• _Task objective_
Repeat the records exactly, with one exception: no images.

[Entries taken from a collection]
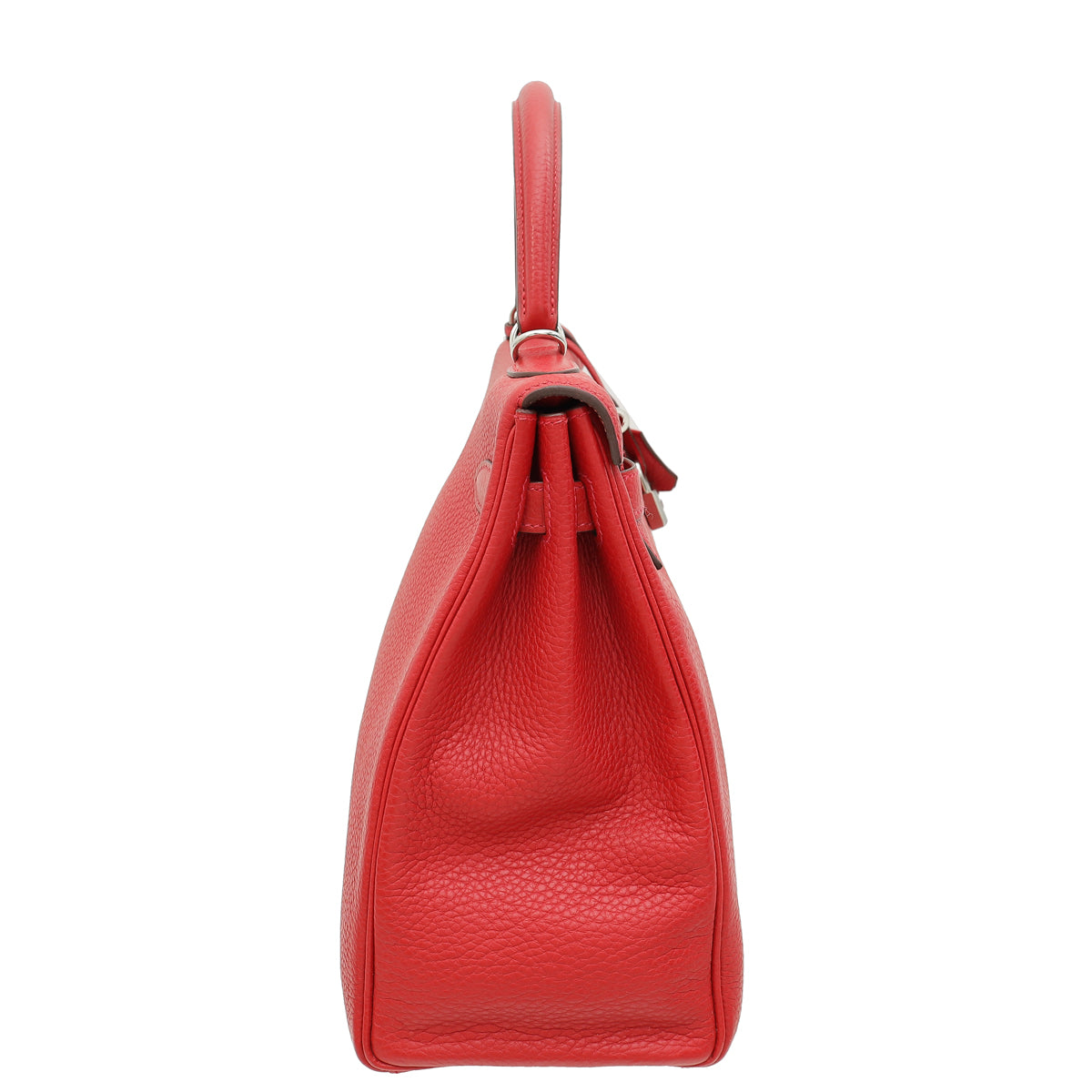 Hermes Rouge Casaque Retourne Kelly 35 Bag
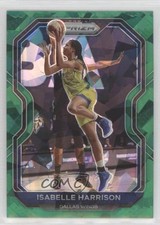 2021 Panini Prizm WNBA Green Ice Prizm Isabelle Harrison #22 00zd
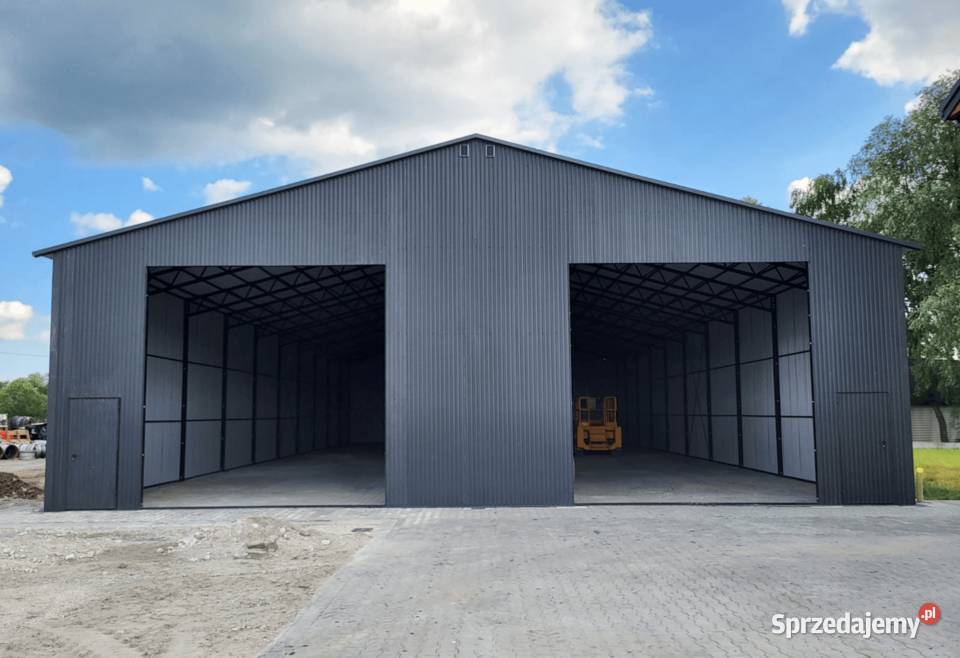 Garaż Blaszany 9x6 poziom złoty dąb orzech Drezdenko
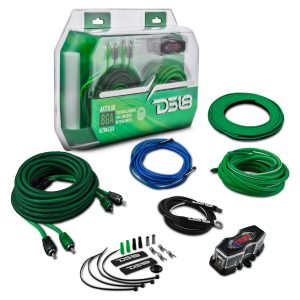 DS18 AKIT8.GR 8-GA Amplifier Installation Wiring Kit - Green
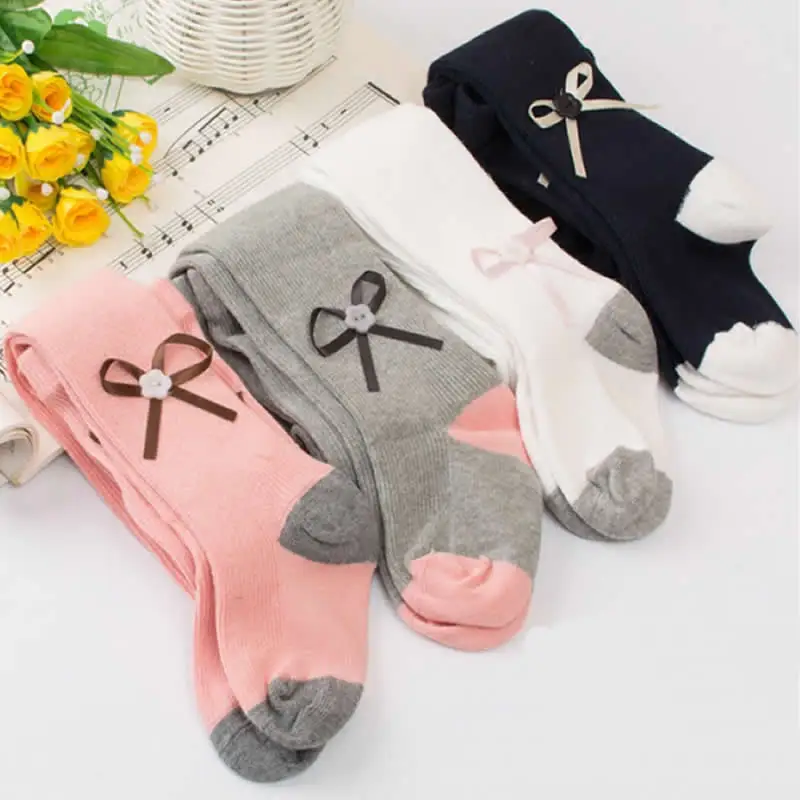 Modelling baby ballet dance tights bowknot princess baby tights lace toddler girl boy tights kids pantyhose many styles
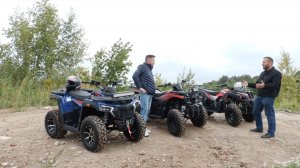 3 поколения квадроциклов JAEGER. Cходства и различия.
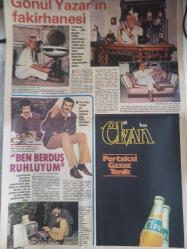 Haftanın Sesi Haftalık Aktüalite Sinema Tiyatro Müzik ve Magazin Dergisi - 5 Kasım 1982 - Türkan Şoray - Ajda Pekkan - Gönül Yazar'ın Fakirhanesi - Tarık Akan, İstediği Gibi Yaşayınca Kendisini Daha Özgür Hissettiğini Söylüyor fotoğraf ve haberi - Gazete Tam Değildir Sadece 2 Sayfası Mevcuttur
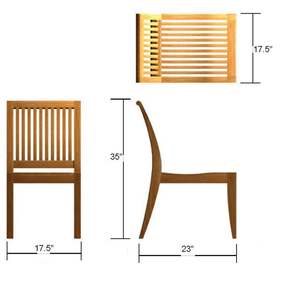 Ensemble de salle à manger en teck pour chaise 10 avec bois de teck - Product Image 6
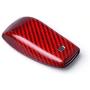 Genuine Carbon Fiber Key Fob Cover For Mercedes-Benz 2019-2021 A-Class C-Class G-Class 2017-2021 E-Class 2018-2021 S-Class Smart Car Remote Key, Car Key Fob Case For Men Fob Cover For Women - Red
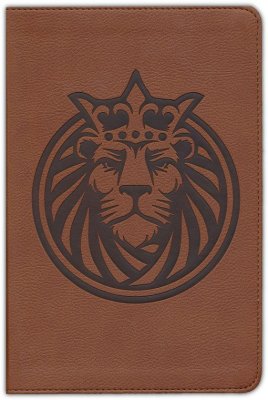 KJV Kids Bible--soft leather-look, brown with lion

• _Your response_
 Hermes Rouge Casaque Retourne Kelly 35 Bag
 2021 Panini Prizm WNBA Green Ice Prizm Isabelle Harrison #22 00zd
 Garaż Blaszany 9x6 poziom złoty dąb orzech Drezdenko
 DS18 AKIT8.GR 8-GA Amplifier Installation Wiring Kit - Green
 Modelling baby ballet dance tights bowknot princess baby tights lace toddler girl boy tights kids pantyhose many styles
 3 поколения квадроциклов JAEGER. Cходства и различия.
 Haftanın Sesi Haftalık Aktüalite Sinema Tiyatro Müzik ve Magazin Dergisi - 5 Kasım 1982 - Türkan Şoray - Ajda Pekkan - Gönül Yazar'ın Fakirhanesi - Tarık Akan, İstediği Gibi Yaşayınca Kendisini Daha Özgür Hissettiğini Söylüyor fotoğraf ve haberi - Gazete Tam Değildir Sadece 2 Sayfası Mevcuttur
 Ensemble de salle à manger en teck pour chaise 10 avec bois de teck - Product Image 6
 Genuine Carbon Fiber Key Fob Cover For Mercedes-Benz 2019-2021 A-Class C-Class G-Class 2017-2021 E-Class 2018-2021 S-Class Smart Car Remote Key, Car Key Fob Case For Men Fob Cover For Women - Red
 KJV Kids Bible--soft leather-look, brown with lion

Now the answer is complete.